The proof of Proposition 1 can be modified to show that every “small” subspace of the space $M_{\lvert Q \lvert}$ has no limit point. We have the following proposition.

Proposition 4
For any $Y \subset M_{\lvert Q \lvert}$ with $\lvert Y \lvert <\lvert Q \lvert$, the subspace $Y$ has no limit point (i.e. cluster point) in $M_{\lvert Q \lvert}$.

Once Proposition 4 is established, we have the following two propositions.

Proposition 5
Let $\theta$ be any infinite cardinal number $\theta < \lvert Q \lvert$. Then for any set $Y \subset M_{\theta}$ with $\lvert Y \lvert <\lvert Q \lvert$, the subspace $Y$ has no limit point (i.e. cluster point) in $M_{\theta}$.
Proposition 6
In particular, for any $Y \subset M_{\omega}$ with $\lvert Y \lvert <\lvert Q \lvert$, the subspace $Y$ has no limit point (i.e. cluster point) in $M_{\omega}$.

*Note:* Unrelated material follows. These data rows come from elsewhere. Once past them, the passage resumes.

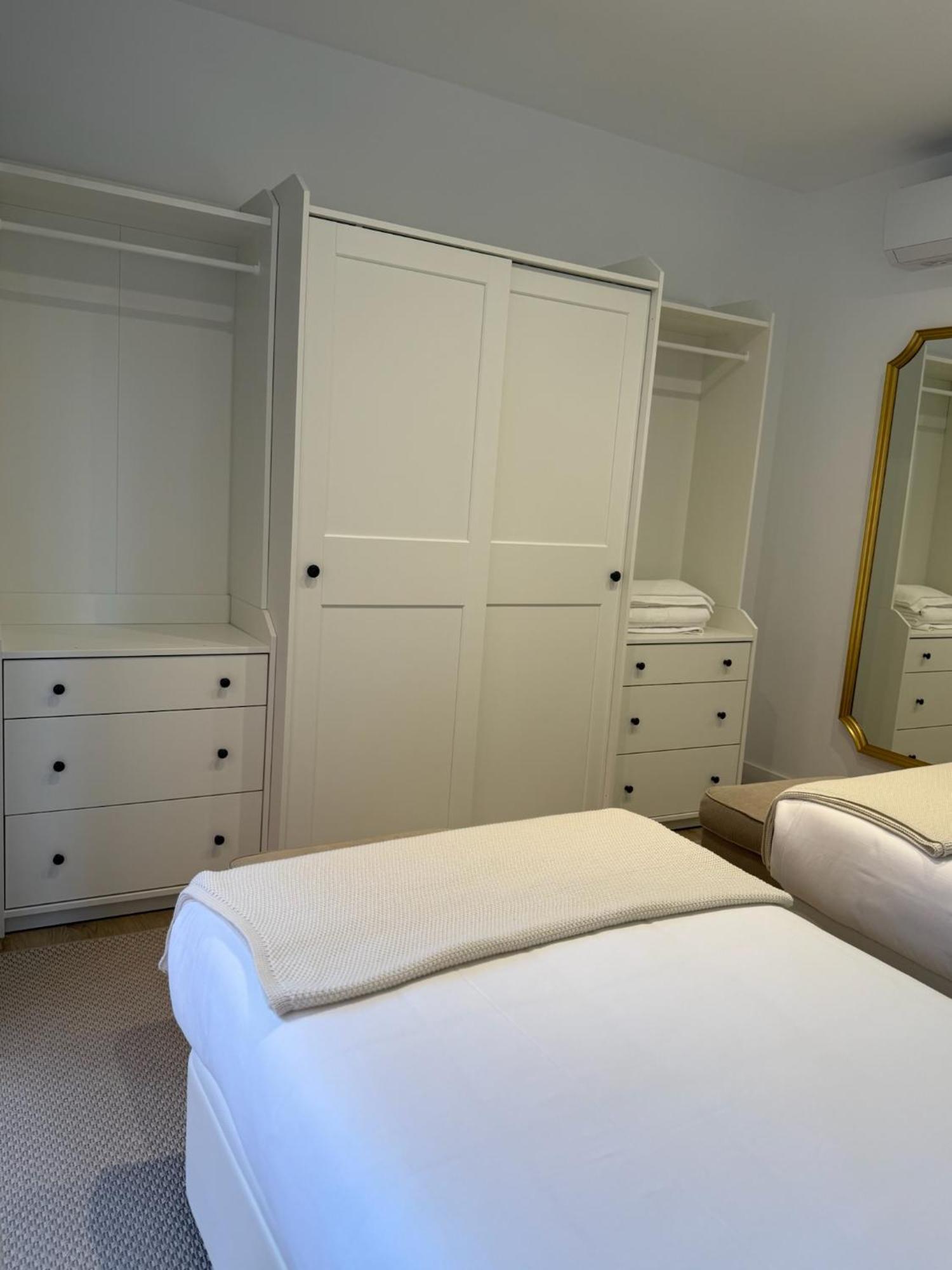 Apartamentos Mlc Ciudad De Linares Линарес Екстериор снимка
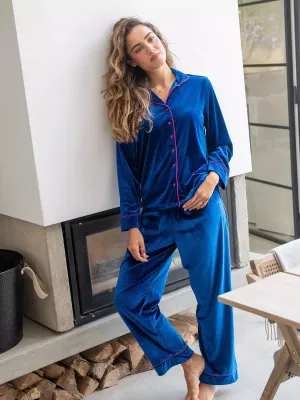 Velvet wonderland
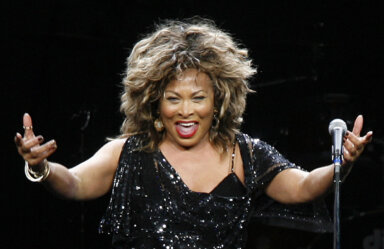Obit – Tina Turner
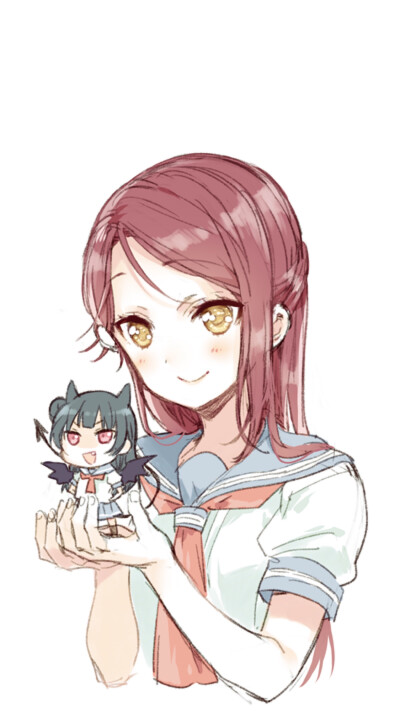 ♡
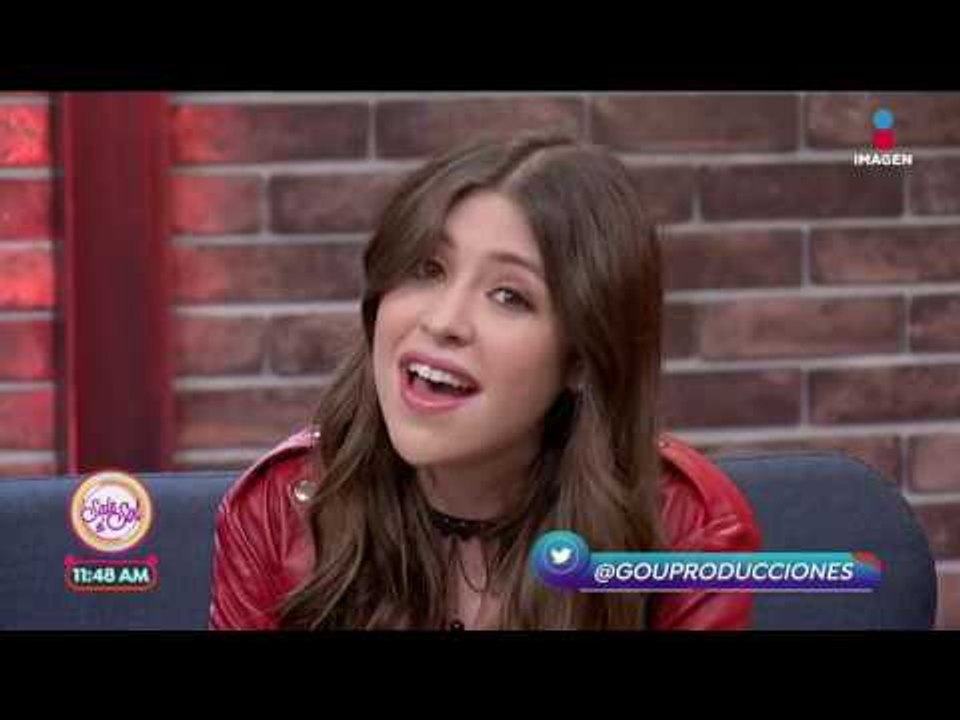 ¡Regresa "Hoy no me puedo levantar" al teatro! | Sale el Sol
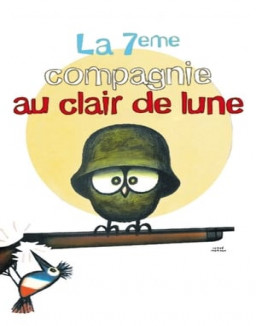 La 7ème compagnie au clair de lune streaming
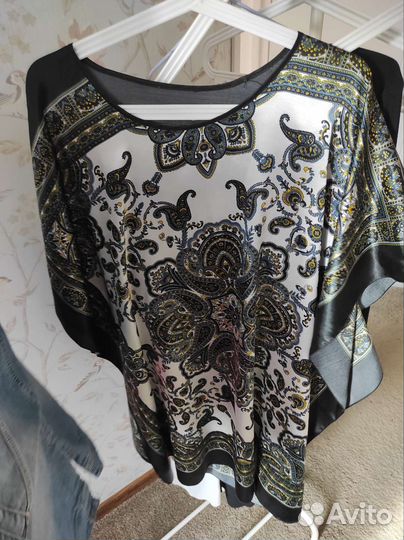 Вещи женские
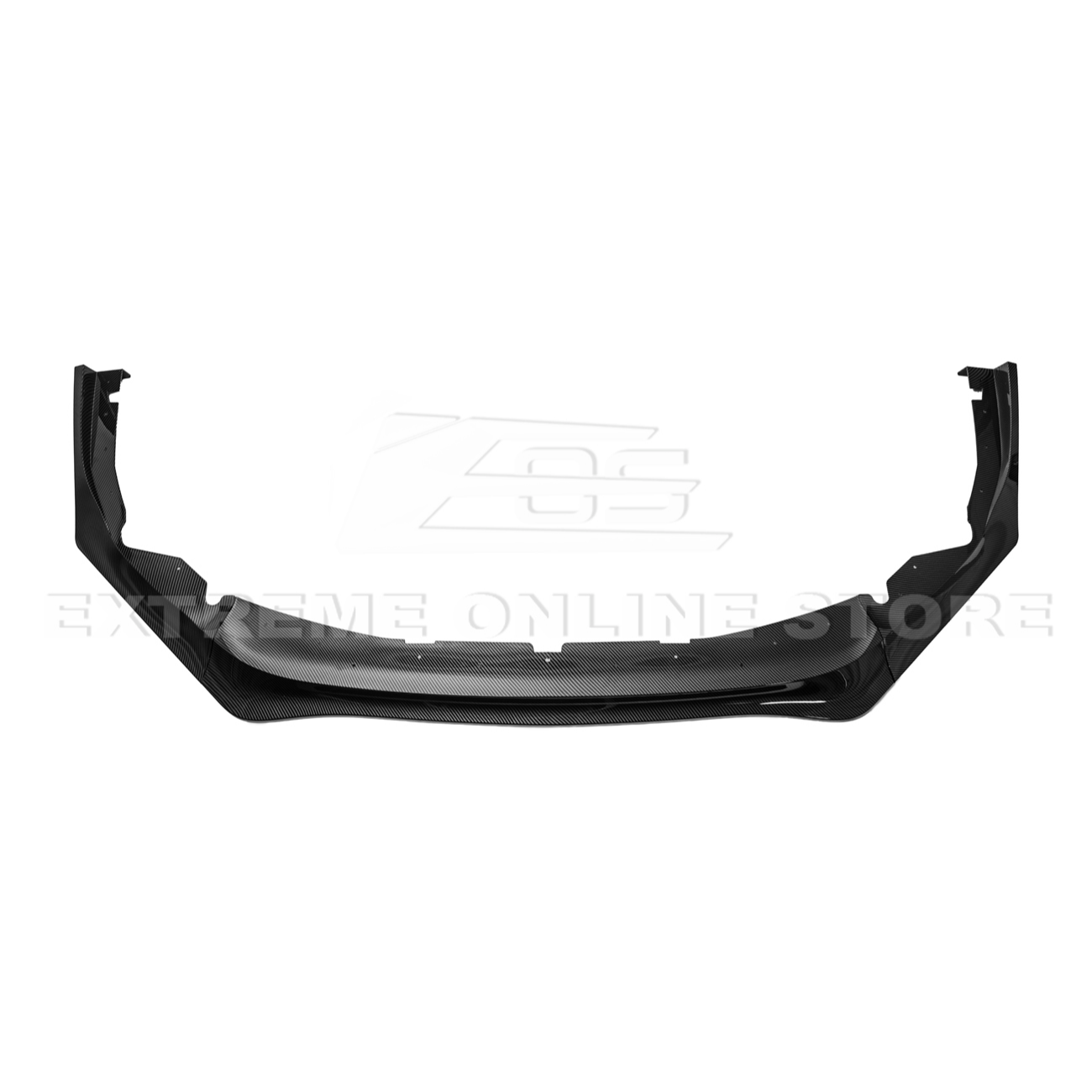 2022-Up Subaru WRX CS Package Front Lip & Side Skirts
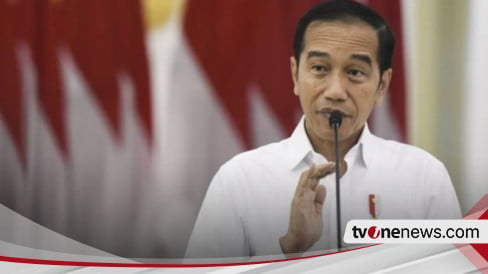 Jokowi Ungkap Strategi Indonesia Jadi Negara Maju Hilirisasi Picu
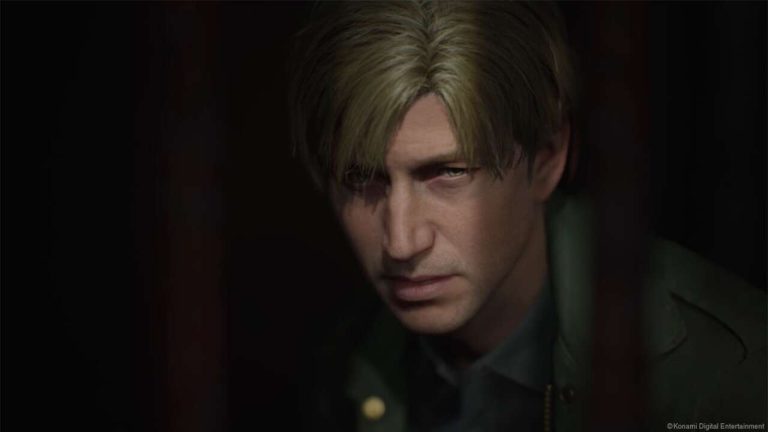 Silent Hill 2 Remake Reveals Canon Ending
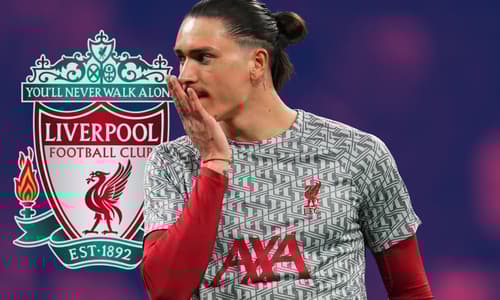 Darwin Nunez, Liverpool, 2022/23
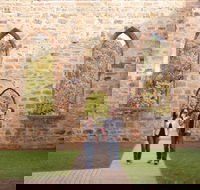 Small-Group Day Trip from Hobart to Port Arthur - Accommodation Broome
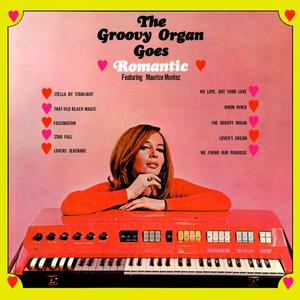 The Groovy Organ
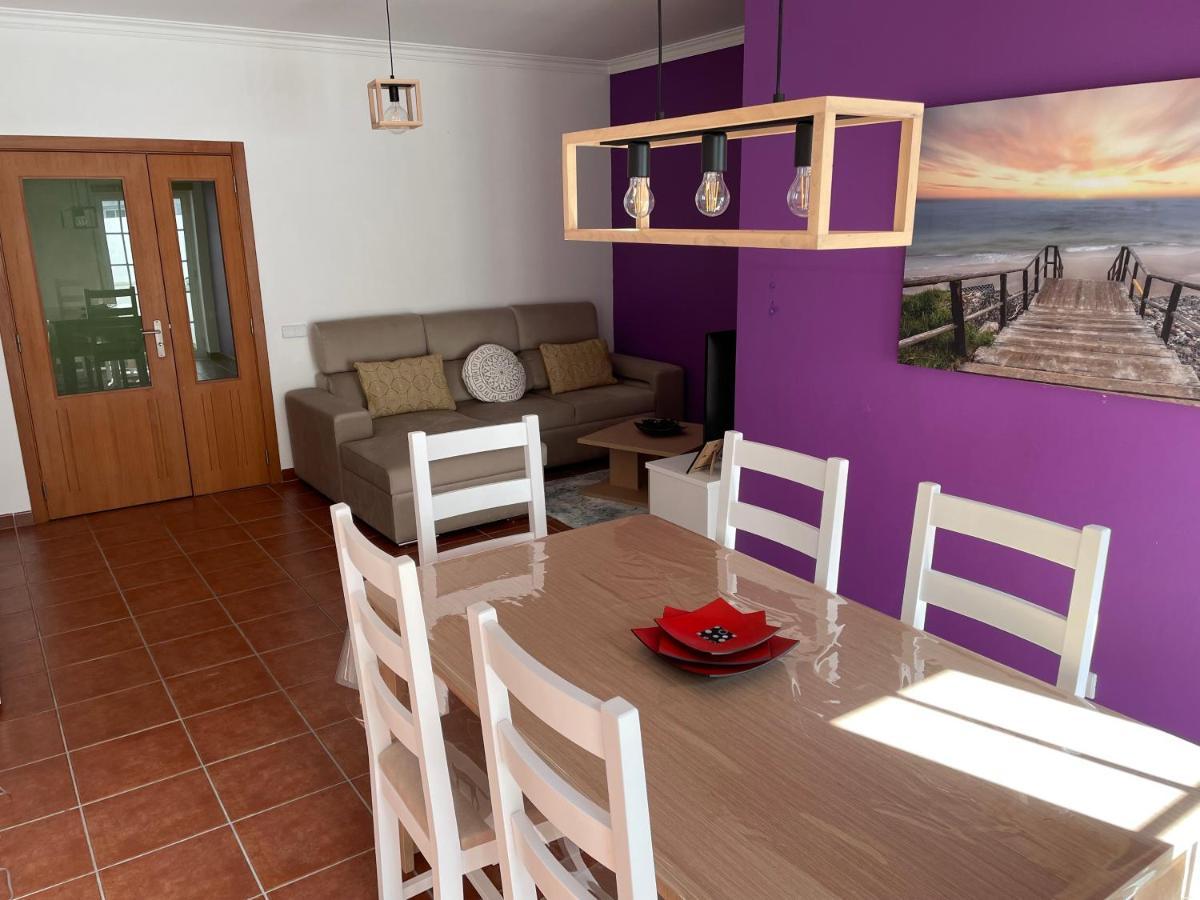 Peixinho Magnifique Appartement Marinha Grande Kültér fotó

The limit points in Bing’s Example G have large character. In the subspaces of Bing’s Example G discussed here, the characters at the points of $F_P$ are still large. In these subspaces, the closure of any “small” subset cannot reach the limit points in the set $F_P$. So even by narrowing the focus on just the subspaces of points with “small” support, we still obtain subspaces that have large characters. For example, $M_{\omega}$ (the subspace with finite support on the isolated points) is not only not first countable; it cannot even have any convergent sequence. In fact, any long as a subset is small (cardinality less than the cardinality of $Q$), the closure cannot reach any limit points at all.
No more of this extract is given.